Work request:
Your answer should hold only the line containing "2-к квартира, на" and each line that follows it in the listing, copied exactly.

Data supplied:
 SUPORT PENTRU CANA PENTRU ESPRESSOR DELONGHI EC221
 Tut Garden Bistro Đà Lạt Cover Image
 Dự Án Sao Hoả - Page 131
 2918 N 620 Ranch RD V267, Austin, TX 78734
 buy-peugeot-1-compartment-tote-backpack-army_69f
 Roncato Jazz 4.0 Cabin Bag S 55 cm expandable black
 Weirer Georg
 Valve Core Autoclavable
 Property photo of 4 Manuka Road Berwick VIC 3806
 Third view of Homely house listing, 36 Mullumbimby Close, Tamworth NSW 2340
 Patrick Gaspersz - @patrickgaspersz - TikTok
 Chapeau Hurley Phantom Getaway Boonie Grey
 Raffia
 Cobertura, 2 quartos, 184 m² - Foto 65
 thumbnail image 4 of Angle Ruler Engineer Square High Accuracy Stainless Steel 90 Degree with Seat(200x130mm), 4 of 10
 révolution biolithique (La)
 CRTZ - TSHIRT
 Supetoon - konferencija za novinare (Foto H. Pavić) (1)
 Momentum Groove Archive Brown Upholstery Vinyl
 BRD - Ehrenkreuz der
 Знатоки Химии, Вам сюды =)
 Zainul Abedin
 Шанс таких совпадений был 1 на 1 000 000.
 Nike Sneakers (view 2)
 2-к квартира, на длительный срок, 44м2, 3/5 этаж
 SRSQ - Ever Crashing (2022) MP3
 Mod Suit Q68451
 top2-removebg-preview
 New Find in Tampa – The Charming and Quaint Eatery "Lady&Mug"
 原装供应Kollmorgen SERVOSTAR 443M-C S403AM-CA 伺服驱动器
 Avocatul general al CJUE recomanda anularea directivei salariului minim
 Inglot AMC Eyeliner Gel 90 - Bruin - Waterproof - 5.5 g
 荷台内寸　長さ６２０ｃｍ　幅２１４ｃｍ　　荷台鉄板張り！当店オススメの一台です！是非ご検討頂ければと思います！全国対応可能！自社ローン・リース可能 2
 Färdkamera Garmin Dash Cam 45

Written answer:
 2-к квартира, на длительный срок, 44м2, 3/5 этаж
 SRSQ - Ever Crashing (2022) MP3
 Mod Suit Q68451
 top2-removebg-preview
 New Find in Tampa – The Charming and Quaint Eatery "Lady&Mug"
 原装供应Kollmorgen SERVOSTAR 443M-C S403AM-CA 伺服驱动器
 Avocatul general al CJUE recomanda anularea directivei salariului minim
 Inglot AMC Eyeliner Gel 90 - Bruin - Waterproof - 5.5 g
 荷台内寸　長さ６２０ｃｍ　幅２１４ｃｍ　　荷台鉄板張り！当店オススメの一台です！是非ご検討頂ければと思います！全国対応可能！自社ローン・リース可能 2
 Färdkamera Garmin Dash Cam 45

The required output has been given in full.